Spell checking html pages is not the same as performing a spell check on a plain text document.
Html pages may look just like any other text document on screen.
But the html source code contains many markup tag elements in addition to the text.
The tag elements must be separated from the visible text, and in some cases, must still be spell checked.
Additionally, some text structures must be ignored because they are frequently composed of arbitrary strings.

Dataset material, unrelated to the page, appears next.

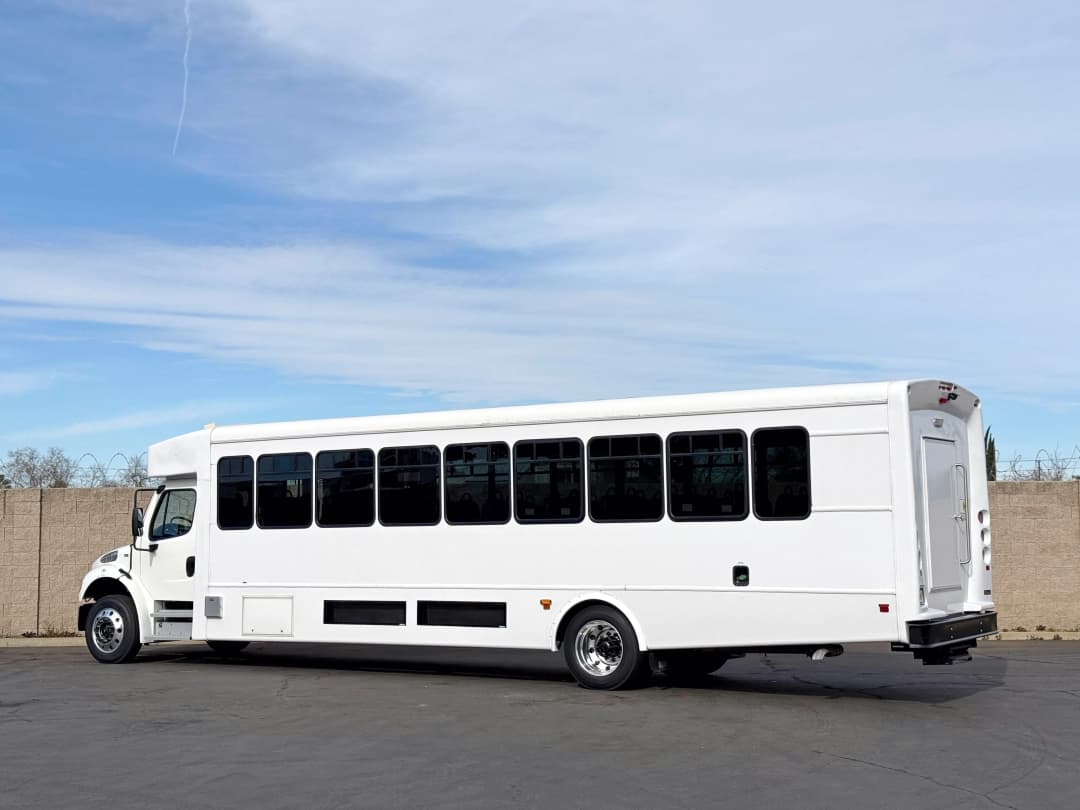 2023 Freightliner S2 106 - Shuttle Bus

To understand the results of the spell check service, the following points should be kept in mind:
- text in url formats is ignored, more particularly, unbroken text prefixed by a protocol identifier is ignored, as are dotted names
- tags enclosing non-visible and non-indexed strings are ignored, for example script tags, object tags and comment markers
- text enclosed by address tags is also ignored because they will frequently contain names, zip codes, and telephone numbers
- text in tags with language significance on the internet is spell checked, examples include the meta description tags, meta keywords tags, alt attributes in image tags, and title attributes in anchor tags
- html character entities are fully expanded and substituted before spell checking
- spell check jobs specify a character encoding such as ISO-8859-1 to ensure that the correct character substitutions are made during processing.
the character encoding as well as the dictionary language are sent as part of the http request headers so that web servers that use them have the information available.
This specialised handling of html documents aids in the reduction of false alerts.
In turn, this makes the spell check reports more accurate and useful to the human editor.